I found that the best .22 ammo is the aguilara ammo that you can get at cabela's. The ammo is about 1800 FPS. That is fast for a .22. At a hundred yards you can shoot a pop can and put a 3 inch exit hole. They also work good for rabbits, squaril, and muskrat. I can shoot muskrats at a hundred yards and kill them. They really work good on rabbits. Exspecially the jack rabbits. They will kill them in one shot.


----------



## Guest

100 yards with a ruger 10/22??I don't think I'd ever try that ethically with my 10/22, unless it had a fat barrell and modified stock on it. 10/22'sare more of a mini assault rifle.


----------



## Militant_Tiger

well 100 yards is not a problem for my 10/22 with no modifications. i can hit a 2 inch group pretty easily and with a new hammer i expect it to get quite a bit smaller. also im not quite sure how a modified stock would aid in accuracy at all, unless you mean bedding/floating.


----------



## dogdigger

the best ammo i have found for my 10/22 is the CCI minimag. i love the hollow point, it does tons of damage. you will find if you have a scope set at say 30 yards, the stinger will shoot several inches high due to the increased velocity. 100 yards with a .22 is maybe a bit much though imo.

mark :sniper:


----------



## Stealth

Possibly a less range bullet would the be the imported Sub-sonic sniper rounds.
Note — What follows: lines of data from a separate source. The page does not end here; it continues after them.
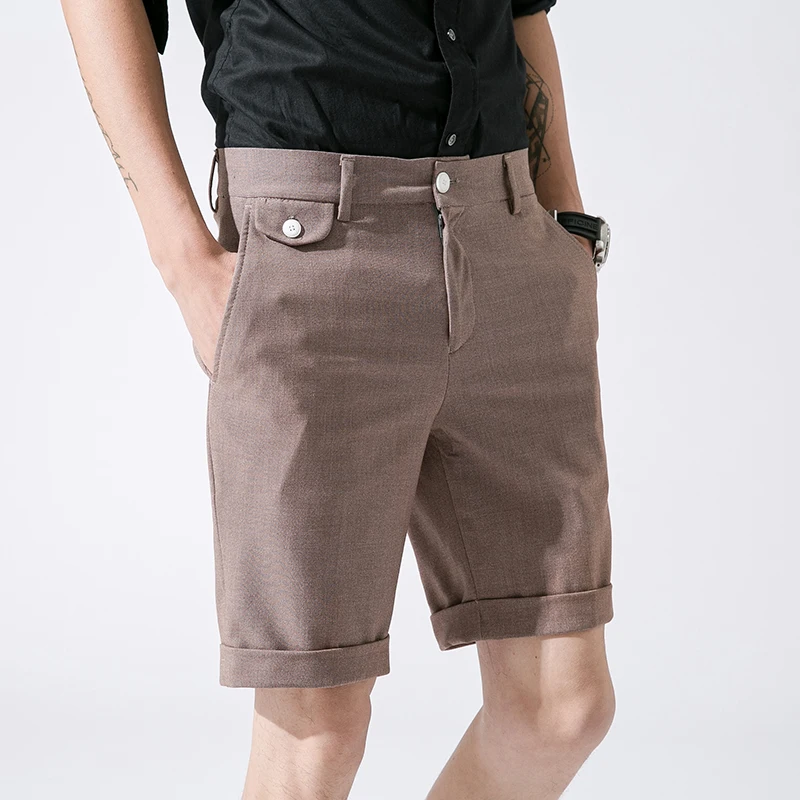 Мужские Элегантные брюки Slim Fit 2019 Летние черные шорты мужской офисный костюм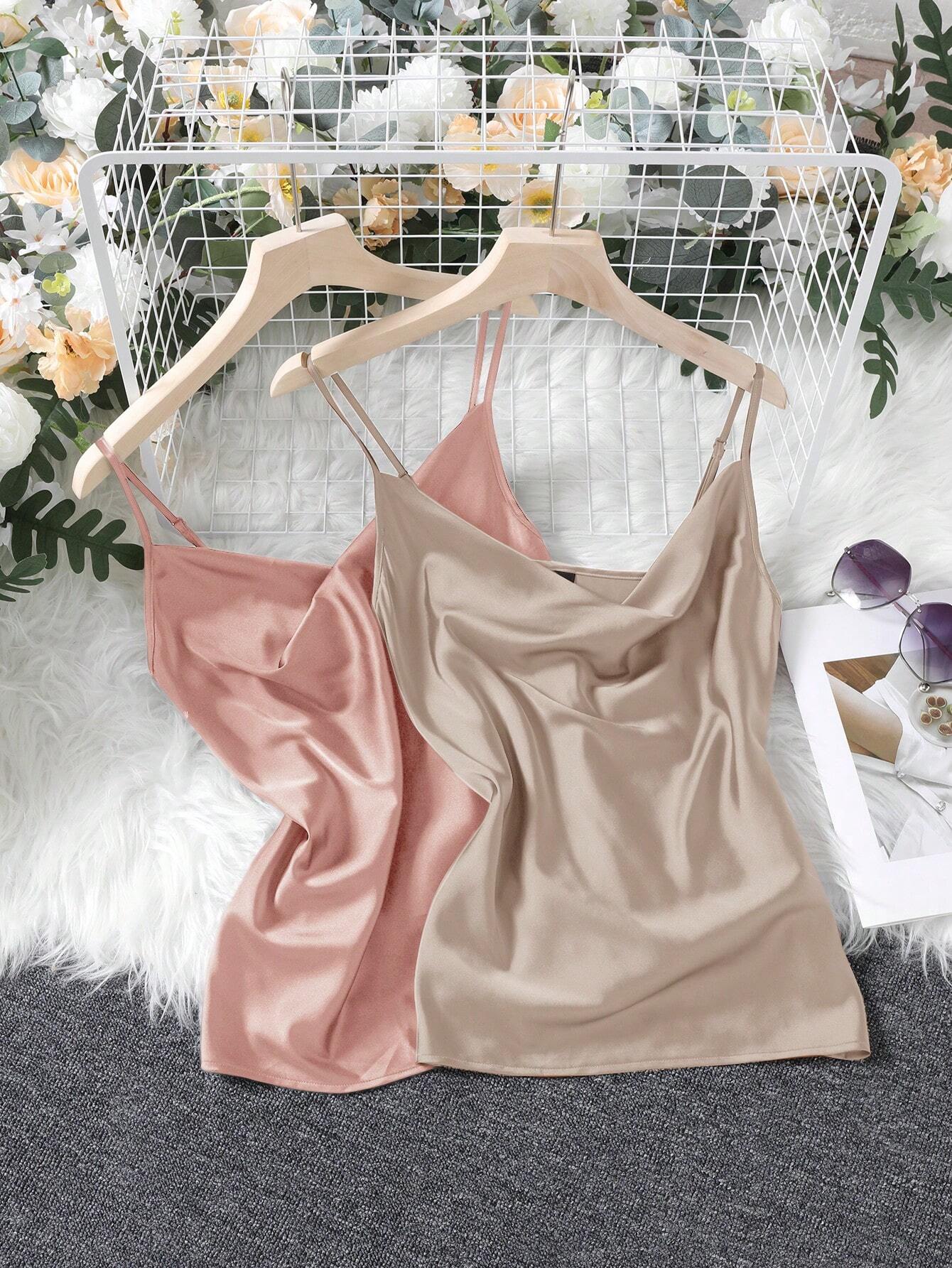 Clasi Women's 2 Piece Draped Collar Camisole shein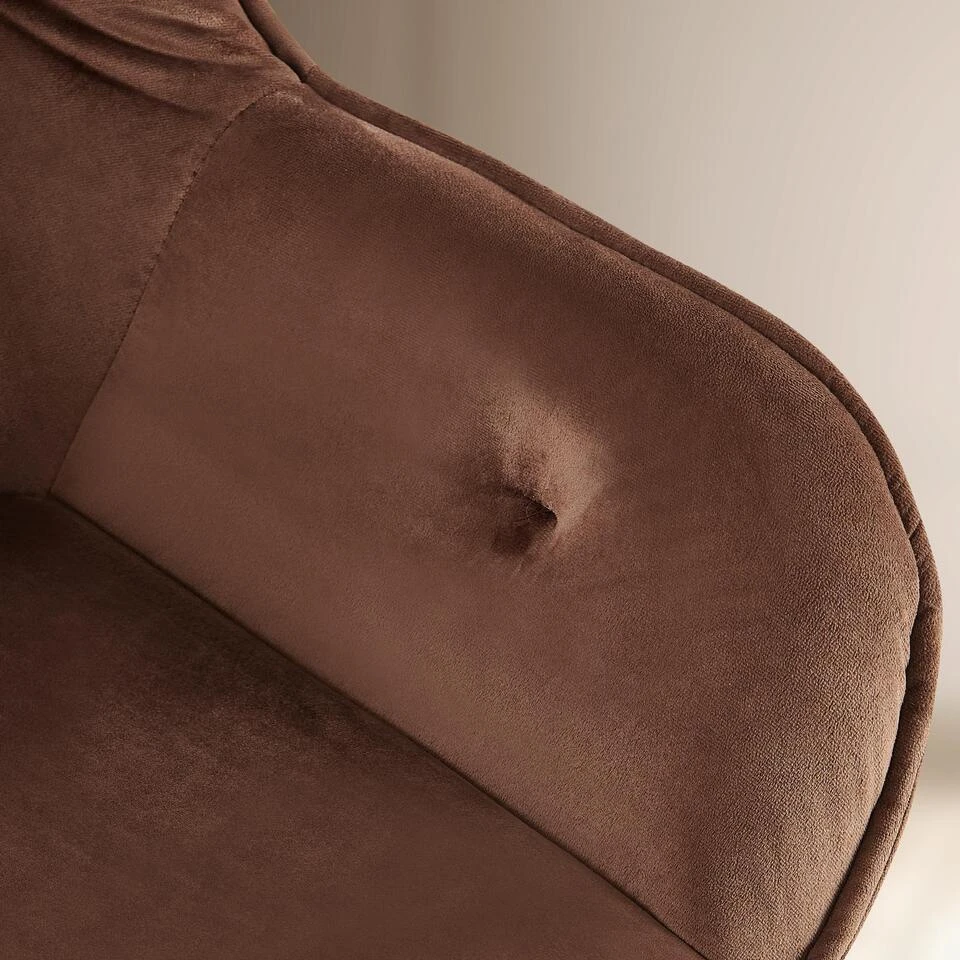 CLP Eetkamerstoel Cassis Zwart Frame - Fluweel - Bruin 9 CLP Eetkamerstoel Cassis Zwart Frame - Fluweel - Bruin - Afbeelding 7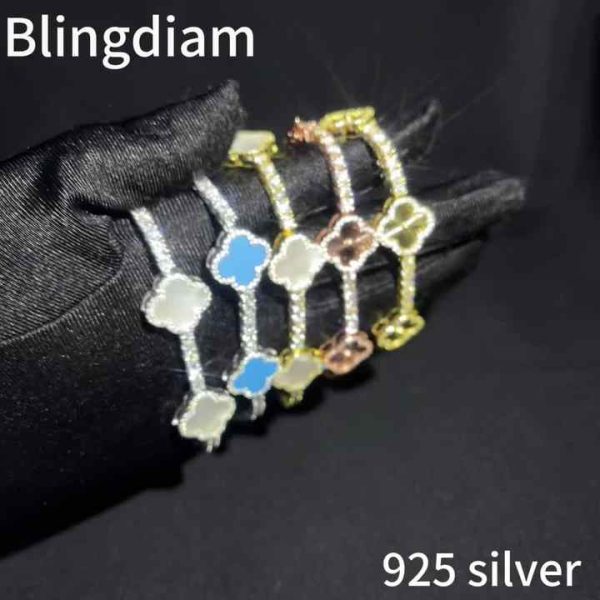 925 Sterling Silver Moissanite Four Leaf Clover Iced Out Tennis Bracelet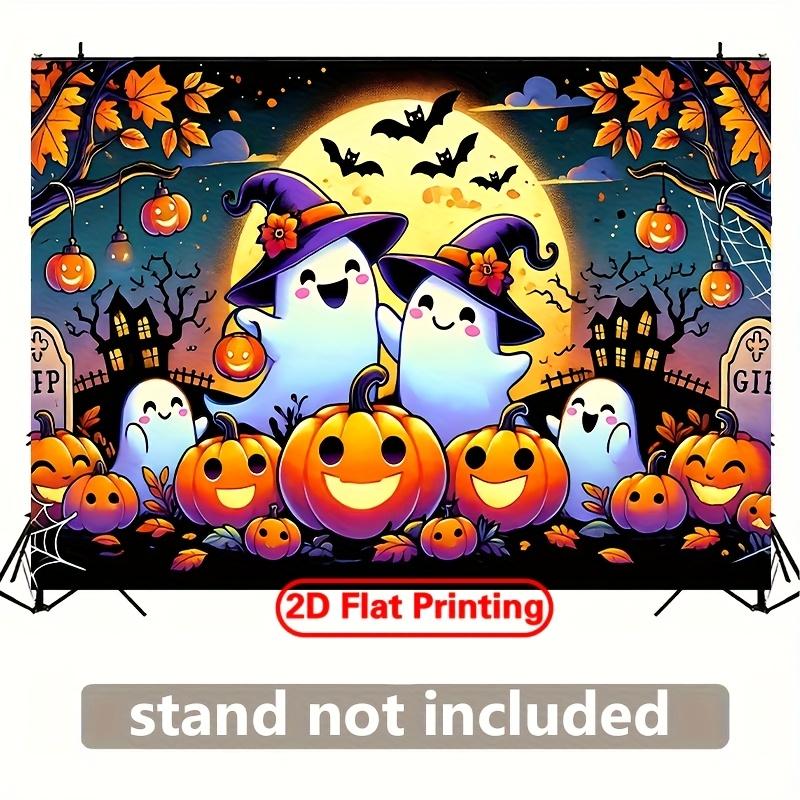 2D Planar Banner - 1 Large Halloween Decoration Banner: Happy Halloween, Ghost Plane 2D. Plane 2D Banner
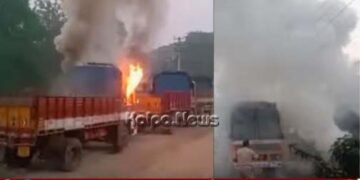 ಶಿವಮೊಗ್ಗದಲ್ಲಿ ಹೊತ್ತಿ ಉರಿದ ಗೂಡ್ಸ್ ಲಾರಿ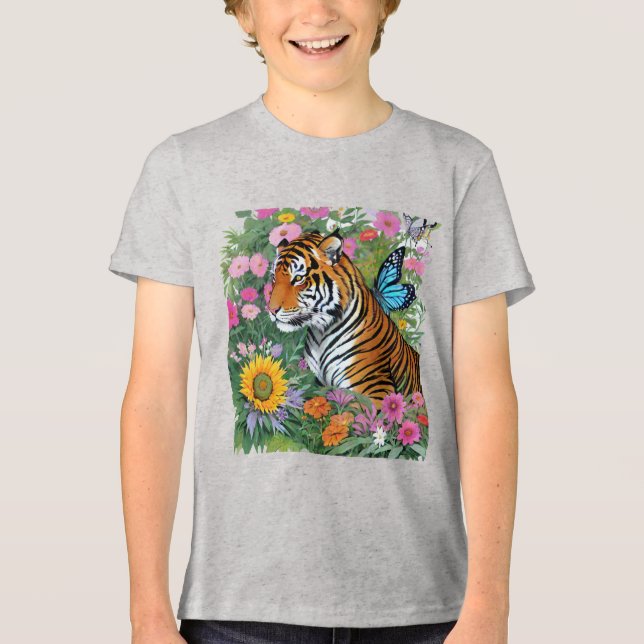 Baby Tiger With Blue Butterfly And Flowers Tri-Blend Shirt (Front)
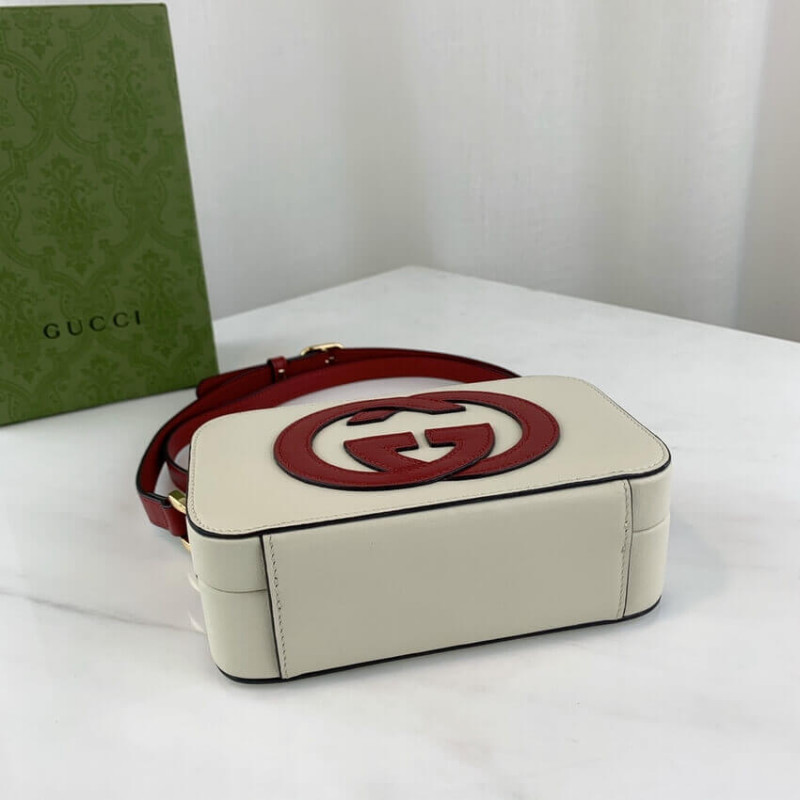 Gucci entrelazado g mini bolso en cuero blanco 658230-6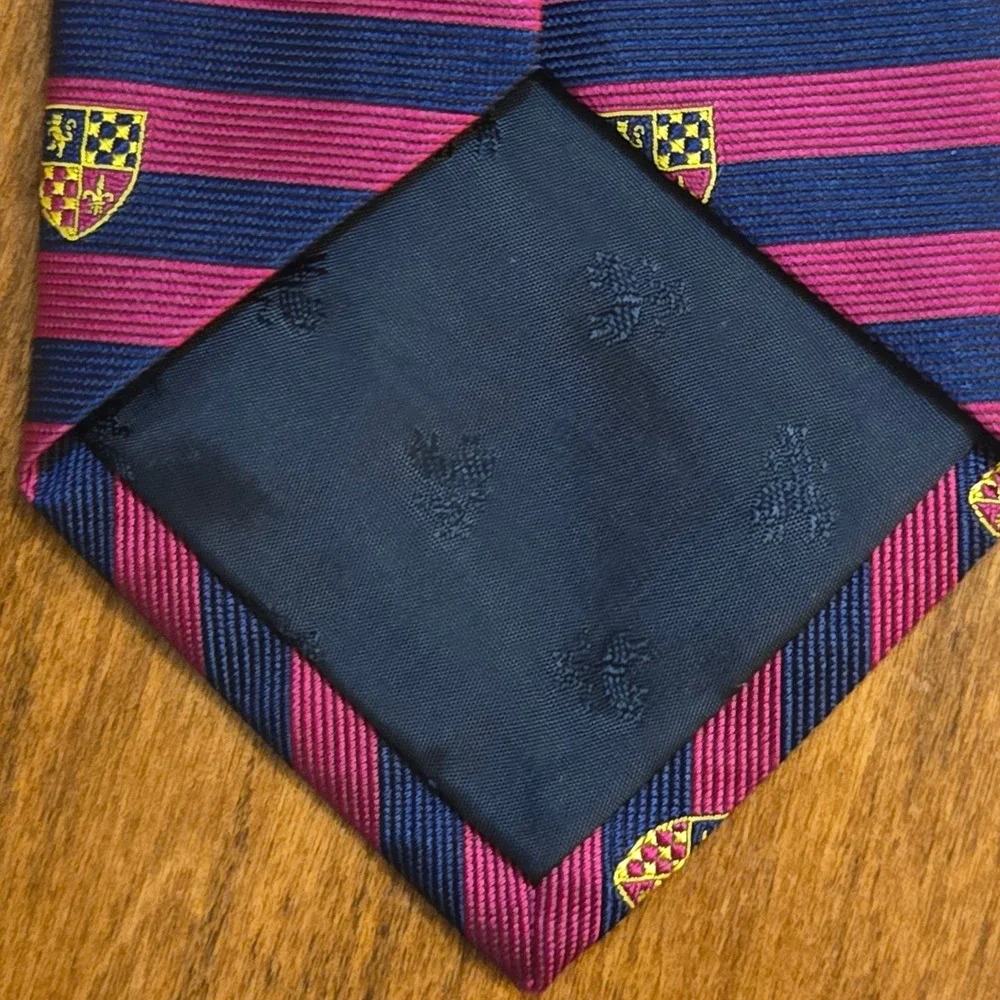 Brooks Brothers Makers Silk Tie Navy Burgundy Striped Crested Hand Made USA
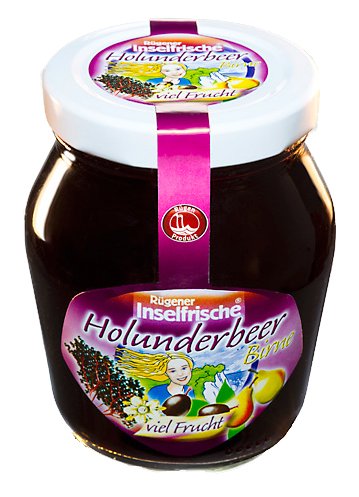 Rügener Inselfrische Holunderbeer Fruchtaufstrich mit extra viel Frucht und Birne, 220g von Rügener Inselfrische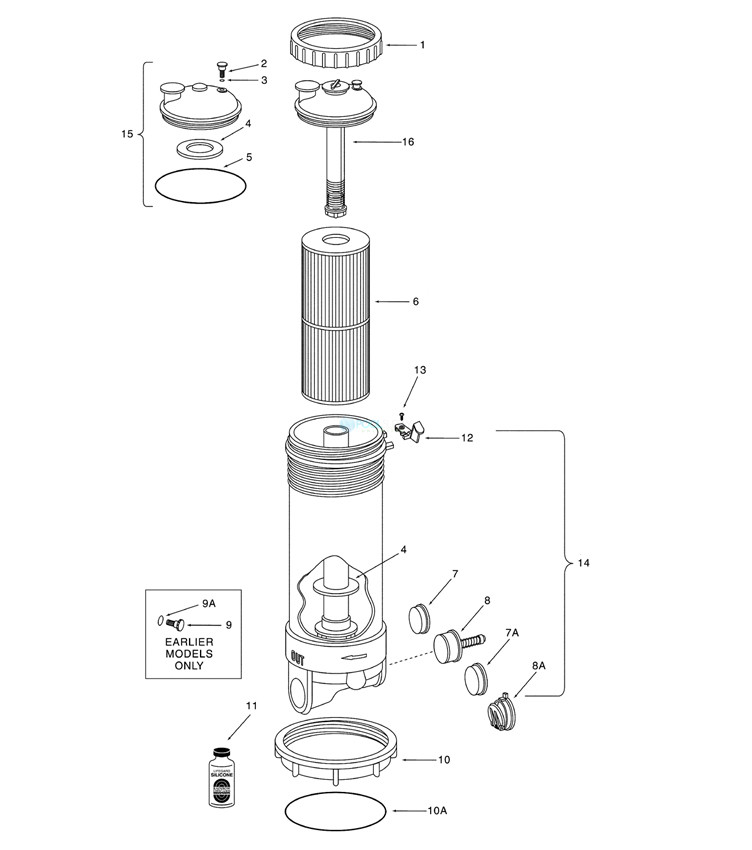 Pentair RCF25 Dynamic III High Flow Cartridge Filter | SLIP | 25 SQFT | 3OZ | R172523 Parts Schematic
It basically uses a .22 short casing with a 60-grain solid lead bullet.
Winchester Super X's are supposed to be faster and hard hitting than any of the CCI stuff. Plus its cheaper


----------



## Militant_Tiger

yeah i already got 3 boxes of SSS, cant wait to try em out


----------



## Stealth

Hey Tiger wanna sell your 10/22 action? LOL! I need it


----------



## Militant_Tiger

yeah sure, the price is 600 bucks american. not a dime less.


----------



## Stealth

LOL! here I go! Man wish they'd sell only 10/22 action. I'd pay 75 for even a scratched up one


----------



## the_duckinator

CCI stingers for long ranges, just make sure you sight your gun in before you take it out. While I'm hunting the shots are usually under 50 yards, and I use Remington Yellow Jackets, they get the job done and cycle through my 10/22 well. I've found that the cheap ammo doesn't cycle well through it, so if I were you I'd stay away from that.


----------



## mr.trooper

Whatever you get, make sure you use jacketed bullets if you shoot alot.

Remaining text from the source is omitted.